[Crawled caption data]
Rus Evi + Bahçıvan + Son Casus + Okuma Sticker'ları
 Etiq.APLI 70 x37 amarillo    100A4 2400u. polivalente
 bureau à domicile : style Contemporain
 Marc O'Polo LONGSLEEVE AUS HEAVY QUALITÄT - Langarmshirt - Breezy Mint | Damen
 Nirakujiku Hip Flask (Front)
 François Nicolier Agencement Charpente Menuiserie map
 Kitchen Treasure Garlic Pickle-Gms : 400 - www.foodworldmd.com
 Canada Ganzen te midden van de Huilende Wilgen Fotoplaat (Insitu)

# [EXERCISE PROMPT]
Every entry is to be restated word for word, with nothing dropped.

# [ANSWER SECTION]
Rus Evi + Bahçıvan + Son Casus + Okuma Sticker'ları
 Etiq.APLI 70 x37 amarillo    100A4 2400u. polivalente
 bureau à domicile : style Contemporain
 Marc O'Polo LONGSLEEVE AUS HEAVY QUALITÄT - Langarmshirt - Breezy Mint | Damen
 Nirakujiku Hip Flask (Front)
 François Nicolier Agencement Charpente Menuiserie map
 Kitchen Treasure Garlic Pickle-Gms : 400 - www.foodworldmd.com
 Canada Ganzen te midden van de Huilende Wilgen Fotoplaat (Insitu)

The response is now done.